After the cam was sufficiently run in, Westech's Steve Brul took the 425 to 5,500 rpm several times as he and White figured the tune. Total timing seemed sweetest at 34 degrees, and once the air/fuel was dialed, the 425 made 444 hp at an even 5,000 rpm. The 516 lb-ft maximum torque reading seemed to be on the downslope of torque curve, but it's a safe bet that the peak happened just prior to 3,500 based on the 5,000-rpm horsepower peak. We wondered what a traditional-style square-bore carb would do, so the Q-Jet was swapped for a 750-cfm Speed Demon. After minor tuning, the 425 responded with 456 hp at 5,100 rpm and 526 lb-ft at 3,600.

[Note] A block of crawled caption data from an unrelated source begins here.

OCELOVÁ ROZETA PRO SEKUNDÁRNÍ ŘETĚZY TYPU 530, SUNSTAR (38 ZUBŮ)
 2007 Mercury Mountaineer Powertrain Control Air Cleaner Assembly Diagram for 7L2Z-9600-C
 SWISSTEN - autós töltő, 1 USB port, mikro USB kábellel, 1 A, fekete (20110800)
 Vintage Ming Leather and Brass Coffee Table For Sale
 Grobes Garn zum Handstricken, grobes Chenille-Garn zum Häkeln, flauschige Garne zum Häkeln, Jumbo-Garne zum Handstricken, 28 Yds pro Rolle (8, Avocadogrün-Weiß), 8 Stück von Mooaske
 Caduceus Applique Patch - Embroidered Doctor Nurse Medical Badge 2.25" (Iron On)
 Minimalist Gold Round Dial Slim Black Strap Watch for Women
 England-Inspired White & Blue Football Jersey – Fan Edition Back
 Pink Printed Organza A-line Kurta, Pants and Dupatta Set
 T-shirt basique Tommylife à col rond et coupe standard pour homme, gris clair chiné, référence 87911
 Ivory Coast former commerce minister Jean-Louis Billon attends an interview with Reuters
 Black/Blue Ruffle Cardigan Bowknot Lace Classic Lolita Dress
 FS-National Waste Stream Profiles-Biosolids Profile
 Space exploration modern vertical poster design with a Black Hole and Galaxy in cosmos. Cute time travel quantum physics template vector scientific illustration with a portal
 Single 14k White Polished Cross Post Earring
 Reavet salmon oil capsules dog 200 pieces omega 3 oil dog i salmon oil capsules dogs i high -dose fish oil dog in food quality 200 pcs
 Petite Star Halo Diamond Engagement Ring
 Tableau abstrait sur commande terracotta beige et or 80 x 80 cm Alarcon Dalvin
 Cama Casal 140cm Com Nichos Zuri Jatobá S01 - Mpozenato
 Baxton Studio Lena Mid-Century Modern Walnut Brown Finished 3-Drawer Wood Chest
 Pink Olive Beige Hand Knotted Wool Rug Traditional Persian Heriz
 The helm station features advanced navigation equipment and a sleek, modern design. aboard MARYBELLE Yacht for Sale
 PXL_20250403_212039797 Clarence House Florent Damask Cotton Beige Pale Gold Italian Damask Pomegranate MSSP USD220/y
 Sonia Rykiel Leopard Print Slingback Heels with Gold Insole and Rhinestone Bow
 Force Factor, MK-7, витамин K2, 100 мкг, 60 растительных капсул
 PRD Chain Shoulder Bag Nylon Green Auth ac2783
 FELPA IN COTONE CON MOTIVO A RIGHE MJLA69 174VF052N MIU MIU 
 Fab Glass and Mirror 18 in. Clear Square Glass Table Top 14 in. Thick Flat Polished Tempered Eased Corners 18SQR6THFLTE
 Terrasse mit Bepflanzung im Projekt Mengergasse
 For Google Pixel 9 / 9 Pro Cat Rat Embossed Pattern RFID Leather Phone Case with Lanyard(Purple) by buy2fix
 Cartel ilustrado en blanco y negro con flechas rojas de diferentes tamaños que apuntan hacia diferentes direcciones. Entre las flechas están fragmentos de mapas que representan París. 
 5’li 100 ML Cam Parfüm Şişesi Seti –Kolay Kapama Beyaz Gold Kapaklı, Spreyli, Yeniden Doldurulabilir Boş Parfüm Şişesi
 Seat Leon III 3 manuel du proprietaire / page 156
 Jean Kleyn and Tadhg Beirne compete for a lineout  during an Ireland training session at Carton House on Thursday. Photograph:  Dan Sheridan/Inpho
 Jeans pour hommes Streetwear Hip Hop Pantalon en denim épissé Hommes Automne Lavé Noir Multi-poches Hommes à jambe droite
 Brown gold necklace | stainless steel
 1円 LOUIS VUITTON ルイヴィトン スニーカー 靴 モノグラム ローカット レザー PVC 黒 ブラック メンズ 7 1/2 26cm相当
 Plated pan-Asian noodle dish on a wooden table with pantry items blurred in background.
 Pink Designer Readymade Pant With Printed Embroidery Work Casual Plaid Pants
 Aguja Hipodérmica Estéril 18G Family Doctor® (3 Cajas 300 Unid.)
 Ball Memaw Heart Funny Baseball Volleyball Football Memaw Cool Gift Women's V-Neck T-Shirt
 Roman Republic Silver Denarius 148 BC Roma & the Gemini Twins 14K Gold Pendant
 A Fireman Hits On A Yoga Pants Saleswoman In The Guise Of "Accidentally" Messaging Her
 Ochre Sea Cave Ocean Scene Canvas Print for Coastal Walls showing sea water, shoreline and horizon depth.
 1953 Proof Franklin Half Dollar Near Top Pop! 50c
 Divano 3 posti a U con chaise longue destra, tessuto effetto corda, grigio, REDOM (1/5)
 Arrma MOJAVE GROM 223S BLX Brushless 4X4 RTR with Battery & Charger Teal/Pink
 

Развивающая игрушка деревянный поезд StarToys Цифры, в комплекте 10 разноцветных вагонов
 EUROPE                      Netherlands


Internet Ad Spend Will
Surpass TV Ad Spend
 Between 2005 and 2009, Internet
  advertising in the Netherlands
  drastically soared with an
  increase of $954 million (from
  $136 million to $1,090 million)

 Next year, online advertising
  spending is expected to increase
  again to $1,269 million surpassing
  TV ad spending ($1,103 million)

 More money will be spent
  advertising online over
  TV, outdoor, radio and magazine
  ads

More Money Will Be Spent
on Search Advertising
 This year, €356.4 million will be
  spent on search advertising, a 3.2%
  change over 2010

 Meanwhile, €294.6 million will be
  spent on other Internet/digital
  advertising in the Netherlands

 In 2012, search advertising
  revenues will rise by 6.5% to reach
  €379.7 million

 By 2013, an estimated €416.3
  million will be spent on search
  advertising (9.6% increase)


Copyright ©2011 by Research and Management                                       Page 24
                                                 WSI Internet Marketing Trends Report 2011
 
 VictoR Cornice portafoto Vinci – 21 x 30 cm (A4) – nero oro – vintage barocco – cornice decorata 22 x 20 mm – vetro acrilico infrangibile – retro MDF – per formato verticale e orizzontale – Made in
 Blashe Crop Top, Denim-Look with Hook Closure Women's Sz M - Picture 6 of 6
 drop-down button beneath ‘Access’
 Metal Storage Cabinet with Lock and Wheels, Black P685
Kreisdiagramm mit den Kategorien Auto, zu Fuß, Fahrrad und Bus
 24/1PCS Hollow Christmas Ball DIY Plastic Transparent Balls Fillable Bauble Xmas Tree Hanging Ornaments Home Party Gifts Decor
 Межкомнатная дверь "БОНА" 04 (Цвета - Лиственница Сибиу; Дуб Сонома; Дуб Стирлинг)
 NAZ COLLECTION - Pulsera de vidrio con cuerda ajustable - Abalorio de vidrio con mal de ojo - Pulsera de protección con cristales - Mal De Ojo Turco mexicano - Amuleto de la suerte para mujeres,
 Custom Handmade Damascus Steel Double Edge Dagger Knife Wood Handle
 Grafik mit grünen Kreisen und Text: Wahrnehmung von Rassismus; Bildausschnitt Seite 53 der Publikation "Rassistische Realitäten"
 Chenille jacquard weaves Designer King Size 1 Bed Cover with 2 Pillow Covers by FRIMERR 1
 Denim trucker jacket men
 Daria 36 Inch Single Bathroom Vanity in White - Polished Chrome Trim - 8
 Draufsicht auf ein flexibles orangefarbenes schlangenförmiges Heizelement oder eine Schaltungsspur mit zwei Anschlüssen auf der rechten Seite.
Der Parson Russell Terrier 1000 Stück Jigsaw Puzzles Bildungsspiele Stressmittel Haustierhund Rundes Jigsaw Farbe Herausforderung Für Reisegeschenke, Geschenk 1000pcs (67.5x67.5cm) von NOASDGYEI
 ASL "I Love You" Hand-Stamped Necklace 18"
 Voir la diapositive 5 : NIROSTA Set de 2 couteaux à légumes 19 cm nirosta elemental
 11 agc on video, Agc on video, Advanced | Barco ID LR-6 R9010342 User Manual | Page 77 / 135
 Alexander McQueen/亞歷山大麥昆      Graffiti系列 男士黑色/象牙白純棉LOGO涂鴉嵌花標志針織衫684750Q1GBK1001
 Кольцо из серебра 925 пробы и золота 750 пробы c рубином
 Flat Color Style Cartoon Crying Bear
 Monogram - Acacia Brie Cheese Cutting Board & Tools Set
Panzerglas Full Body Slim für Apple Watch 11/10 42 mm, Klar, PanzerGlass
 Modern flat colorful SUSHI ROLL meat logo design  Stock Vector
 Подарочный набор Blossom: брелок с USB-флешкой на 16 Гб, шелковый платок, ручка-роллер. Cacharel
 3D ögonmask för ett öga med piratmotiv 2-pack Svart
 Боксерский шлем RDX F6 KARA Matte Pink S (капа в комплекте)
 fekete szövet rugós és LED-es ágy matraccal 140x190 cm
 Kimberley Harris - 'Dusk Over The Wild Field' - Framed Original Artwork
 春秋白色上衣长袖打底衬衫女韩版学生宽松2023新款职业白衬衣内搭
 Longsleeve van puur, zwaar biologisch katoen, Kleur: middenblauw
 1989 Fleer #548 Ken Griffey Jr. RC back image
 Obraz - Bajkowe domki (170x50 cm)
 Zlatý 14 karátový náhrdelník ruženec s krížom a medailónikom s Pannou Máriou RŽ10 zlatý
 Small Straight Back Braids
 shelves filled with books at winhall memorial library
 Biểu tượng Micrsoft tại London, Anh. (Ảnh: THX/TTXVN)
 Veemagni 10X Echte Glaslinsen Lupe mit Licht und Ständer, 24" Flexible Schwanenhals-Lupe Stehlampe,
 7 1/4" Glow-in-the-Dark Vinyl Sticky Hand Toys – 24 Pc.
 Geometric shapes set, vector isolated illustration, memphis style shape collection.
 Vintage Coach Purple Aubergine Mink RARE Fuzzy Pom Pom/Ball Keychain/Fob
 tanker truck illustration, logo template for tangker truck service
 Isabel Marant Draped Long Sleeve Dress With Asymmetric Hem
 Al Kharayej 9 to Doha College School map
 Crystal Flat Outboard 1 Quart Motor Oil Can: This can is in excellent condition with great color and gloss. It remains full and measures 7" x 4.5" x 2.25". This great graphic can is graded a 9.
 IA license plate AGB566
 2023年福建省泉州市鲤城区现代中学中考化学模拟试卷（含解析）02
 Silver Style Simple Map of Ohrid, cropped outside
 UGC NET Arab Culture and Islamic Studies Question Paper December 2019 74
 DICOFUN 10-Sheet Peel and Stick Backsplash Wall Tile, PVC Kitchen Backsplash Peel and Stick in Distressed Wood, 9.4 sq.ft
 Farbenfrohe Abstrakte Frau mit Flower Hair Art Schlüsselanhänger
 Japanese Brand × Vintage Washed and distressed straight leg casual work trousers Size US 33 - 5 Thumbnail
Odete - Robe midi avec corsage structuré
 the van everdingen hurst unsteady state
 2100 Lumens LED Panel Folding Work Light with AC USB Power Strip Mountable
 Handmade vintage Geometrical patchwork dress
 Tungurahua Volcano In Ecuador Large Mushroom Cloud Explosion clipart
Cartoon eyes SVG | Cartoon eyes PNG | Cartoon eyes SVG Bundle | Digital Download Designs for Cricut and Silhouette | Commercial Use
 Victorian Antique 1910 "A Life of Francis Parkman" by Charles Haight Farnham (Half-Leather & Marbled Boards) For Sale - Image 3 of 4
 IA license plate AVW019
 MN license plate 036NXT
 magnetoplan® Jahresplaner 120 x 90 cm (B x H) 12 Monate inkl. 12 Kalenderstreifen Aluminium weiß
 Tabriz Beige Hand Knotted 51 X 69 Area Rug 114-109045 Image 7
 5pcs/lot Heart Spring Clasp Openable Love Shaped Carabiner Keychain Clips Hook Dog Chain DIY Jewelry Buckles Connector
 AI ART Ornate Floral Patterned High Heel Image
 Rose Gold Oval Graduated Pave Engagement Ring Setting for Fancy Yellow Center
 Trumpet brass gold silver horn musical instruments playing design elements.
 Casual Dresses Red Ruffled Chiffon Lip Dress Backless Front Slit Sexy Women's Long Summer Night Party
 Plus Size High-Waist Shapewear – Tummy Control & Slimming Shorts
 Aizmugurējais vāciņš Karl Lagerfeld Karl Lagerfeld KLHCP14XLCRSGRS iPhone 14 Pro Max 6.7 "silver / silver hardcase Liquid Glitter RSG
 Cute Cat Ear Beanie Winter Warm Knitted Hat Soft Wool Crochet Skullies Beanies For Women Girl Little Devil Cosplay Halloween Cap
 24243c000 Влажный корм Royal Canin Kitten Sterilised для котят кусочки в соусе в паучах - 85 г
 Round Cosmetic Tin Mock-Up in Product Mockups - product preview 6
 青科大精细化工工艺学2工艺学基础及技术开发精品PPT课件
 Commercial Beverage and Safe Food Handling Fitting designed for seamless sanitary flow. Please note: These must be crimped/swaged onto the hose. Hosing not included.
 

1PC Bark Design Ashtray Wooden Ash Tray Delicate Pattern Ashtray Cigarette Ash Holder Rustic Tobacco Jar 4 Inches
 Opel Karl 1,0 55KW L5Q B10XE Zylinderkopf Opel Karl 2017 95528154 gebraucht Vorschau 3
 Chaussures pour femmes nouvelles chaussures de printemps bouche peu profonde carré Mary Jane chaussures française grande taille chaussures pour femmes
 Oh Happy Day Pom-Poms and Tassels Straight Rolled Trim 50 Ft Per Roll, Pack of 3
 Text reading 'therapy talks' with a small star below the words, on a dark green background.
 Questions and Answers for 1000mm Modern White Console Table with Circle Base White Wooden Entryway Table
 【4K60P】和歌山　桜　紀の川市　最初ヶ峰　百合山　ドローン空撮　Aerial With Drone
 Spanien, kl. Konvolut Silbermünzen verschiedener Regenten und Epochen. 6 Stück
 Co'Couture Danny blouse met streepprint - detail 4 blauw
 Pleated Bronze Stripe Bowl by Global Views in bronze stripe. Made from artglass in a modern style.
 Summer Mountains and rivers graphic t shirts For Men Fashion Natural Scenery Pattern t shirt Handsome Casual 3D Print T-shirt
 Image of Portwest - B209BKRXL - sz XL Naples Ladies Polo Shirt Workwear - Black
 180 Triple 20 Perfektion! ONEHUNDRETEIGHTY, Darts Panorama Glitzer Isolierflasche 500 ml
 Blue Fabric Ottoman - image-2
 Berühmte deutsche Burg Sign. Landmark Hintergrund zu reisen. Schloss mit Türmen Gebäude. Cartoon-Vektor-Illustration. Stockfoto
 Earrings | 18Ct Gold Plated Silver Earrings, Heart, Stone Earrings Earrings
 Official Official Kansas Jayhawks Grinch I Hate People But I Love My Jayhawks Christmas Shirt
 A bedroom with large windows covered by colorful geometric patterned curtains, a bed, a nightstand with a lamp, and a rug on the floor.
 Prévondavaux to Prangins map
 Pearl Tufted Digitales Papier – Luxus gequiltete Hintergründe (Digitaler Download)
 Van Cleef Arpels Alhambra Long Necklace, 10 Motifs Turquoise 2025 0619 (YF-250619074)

The Edelbrock Performer manifold is a nice unit but a bit closer to stock than we'd like to see for this combination. A Performer RPM would have been perfect, since they almost always boost upper rpm power without sacrificing anything, but for some reason, Edelbrock doesn't make one for the big Olds. A Torker would be a good alternative; we ran one on our 455 and squeezed out another 20 hp, but we couldn't lay our hands on one in time for this session. Instead, we tried a one-inch carb spacer-one of Wilson's tapered-combo designs that uses a four-hole configuration topside that blends into an open plenum underneath. It was good for five additional horsepower and pound-feet of torque. Swapping for a traditional open spacer reduced these gains by about half.
Westech has a set of Hooker Super Comp headers in its arsenal that feature 2-inch primaries, so we figured they were worth a try. We swapped them on along with a pair of 311/42-inch straight-through Race Magnum mufflers, but power gains were a mere 2 hp, and torque barely nudged up by a similar amount. Apparently, this engine didn't need bigger headers.
Any Regrets?When it was over, the Westside crew was pretty stoked with their Olds. It did what it was supposed to, making a hearty horsepower number at an rpm level that didn't jeopardize the hardware, and it had a mega-fat torque curve. Even with the 108-degree lobe separation on the cam, the idle-vacuum readings at 850 rpm were in the range of 16.5 inches-plenty for a street machine. We wished we'd had another intake-there's almost definitely more power in there, but that'll have to wait. One area that will be addressed before the engine is run again is oil control, as our test revealed that the stock pan was allowing the crank to whip the oil into a froth, sapping power and compromising oil pressure in the upper rpm range. We'll revisit the 425 once it's installed in the Cutlass for evaluation and to watch Navid deal with his newfound traction deficiency.